Gehen wir näher auf Frage 2 ein, um den aktuellen Risiko-Rendite-Rahmen für Aktien und Anleihen besser zu verstehen. Um Frage 2 zu wiederholen:

Wertpapier A (Aktien) hat eine erwartete zehnjährige annualisierte Rendite von 2,50 % mit einer wahrscheinlichen Renditespanne zwischen 7,00 % und -4,50 %. Wertpapier B (Anleihen) hat eine garantierte jährliche Rendite von 5,00 %.

Sollte ein Zielfonds für das Jahr 2025 stark in Anleihen investiert sein, während ein Fonds für das Jahr 2055 im derzeitigen Umfeld fast ausschließlich in Aktien investiert sein sollte?
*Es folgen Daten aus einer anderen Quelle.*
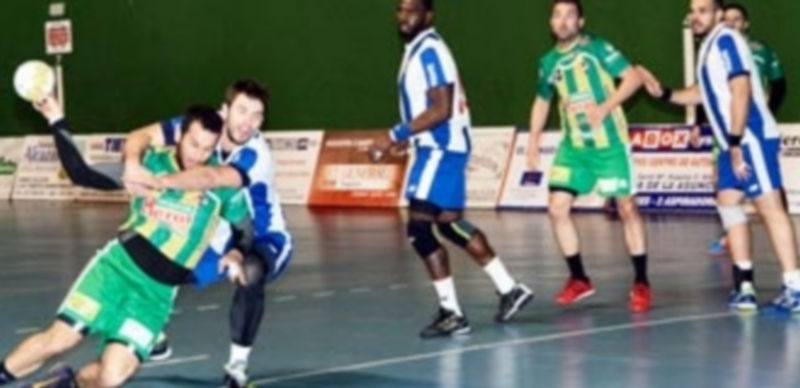 Un defensor del Porto trata de frenar la acción desde los seis metros de Darío Ajo en un momento del encuentro jugado en el Frontón de Nava. / AMADOR MARUGÁN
Die Antwort ist nicht schwierig, wenn man die nachstehende Abbildung betrachtet. Sie zeigt alle monatlichen CAPE 10-Aktienbewertungen und die folgende Zehnjahresrendite, (einschließlich Dividenden).

Die grüne Linie zeigt die aktuelle Rendite der 10-jährigen Treasuries (4,90 %), die blaue Linie zeigt die Rendite von Investment-Grade-Unternehmensanleihen (6,45 %).
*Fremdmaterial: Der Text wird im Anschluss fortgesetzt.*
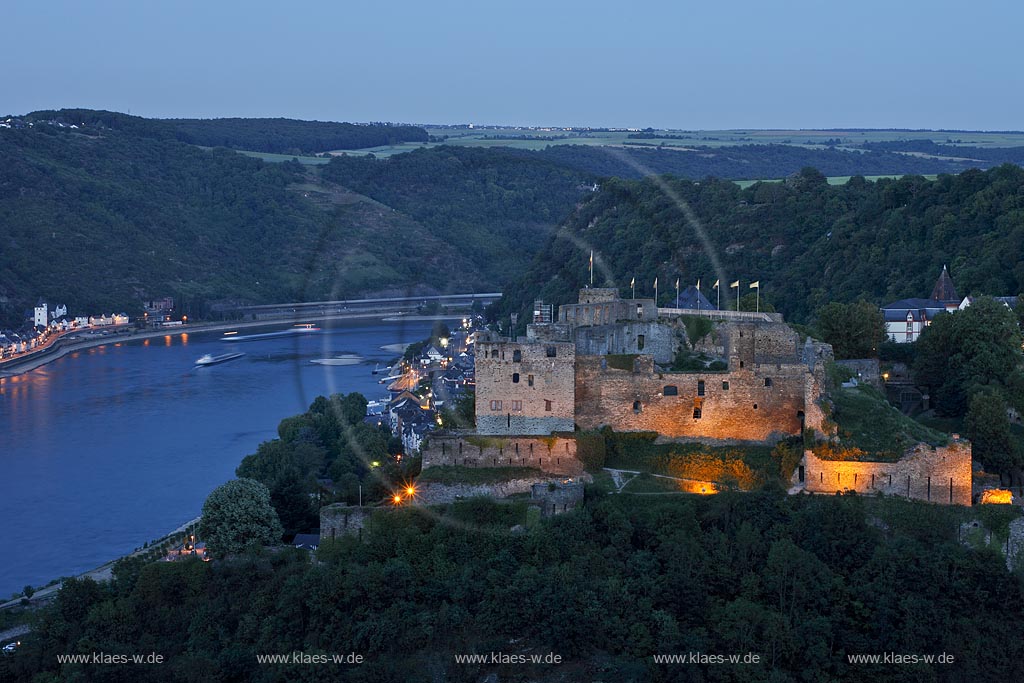 Blick von St. Goarshausen mit Burg Katz nach St. Goar mit Burg Rheinfels zu Blauer Stunde; view from St. Goarshausen with castle Katz to St. Goar with castle Rheinfels at blue hour.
Das aktuelle CAPE (mit Sternchen) liegt bei etwas über 30. Der gelbe Kasten hebt alle Fälle hervor, in denen das CAPE 30 oder höher war.

S&P CAPE-Renditen

Die erwartete jährliche Gesamtrendite von Aktien liegt in den nächsten zehn Jahren bei 2,35 % und damit deutlich unter der Rendite von Anleihen. Von allen Fällen, in denen das CAPE über 30 lag, folgte nur in wenigen Fällen ein Zehnjahreszeitraum, in dem die Aktienrenditen die Renditen der Staatsanleihen schlugen. Die Zahl schrumpft auf eins, wenn Aktien mit Investment-Grade-Unternehmensanleihen verglichen werden.

Vertiefen wir die Analyse und konzentrieren uns auf die maximalen Verluste, wenn das CAPE über 30 liegt. Die folgende Abbidlung zeigt den prozentualen Spitzenwert des Rückgangs ab dem Monat, in dem die einzelnen CAPE-Bewertungen den Wert von 30 überschritten haben. Man sieht, dass Sie durch eine Umschichtung in Anleihen in einem Umfeld wie dem heutigen Bargeld schützen und von niedrigeren Aktienkursen profitieren.

S&P 500-CAPE-Renditen und Drawdowns

Zehn-Jahres-Prognosen bedeuten nicht gleich zehnjähriges Investieren

Die Wahrscheinlichkeit, dass Anleihen in den nächsten zehn Jahren bessere Renditen erzielen als Aktien, ist deutlich höher. Allerdings - und das ist ein wichtiger Punkt - ändern sich die Marktbedingungen rasant. Schon in einem Jahr könnten wir uns mitten in einer Rezession befinden, mit Anleiherenditen von 2 % und Aktienbewertungen, die fast normal sind. In diesem Fall sollten Gewinne aus Rentenpapieren mitgenommen werden, und eine Umschichtung zurück in Aktien wäre wahrscheinlich angebracht.

Target-Date-Fonds werden die einseitigen Renditewahrscheinlichkeiten nicht ausgleichen. Target-Date-Fonds sind blind für Risiko und Rendite. Sie können daher nicht im besten Interesse ihrer Anleger handeln.

Fazit

Im aktuellen Umfeld sollten 25- bis 75-Jährige mehr in Anleihen als in Aktien investiert sein. In der Terminologie der Target-Date-Fonds sollten sich die Fonds in den Jahren 2025 und 2050 sehr viel ähnlicher sein als sie es heute sind. Der Vanguard Target (NYSE:TGT) Retirement 2050 Fund hält weniger als 10% Anleihen und 90% Aktien. Der Vanguard Target Retirement 2025 Fund (NASDAQ: VTTVX) besteht zu etwa 45% aus Anleihen und zu 55% aus Aktien.

Diese Prozentsätze werden von einer blinden Formel diktiert und nicht von grundlegenden Regeln des Finanzmanagements.

Langfristiges Investieren bedeutet Nachdenken. Investieren ohne Risiko und Chance ist töricht.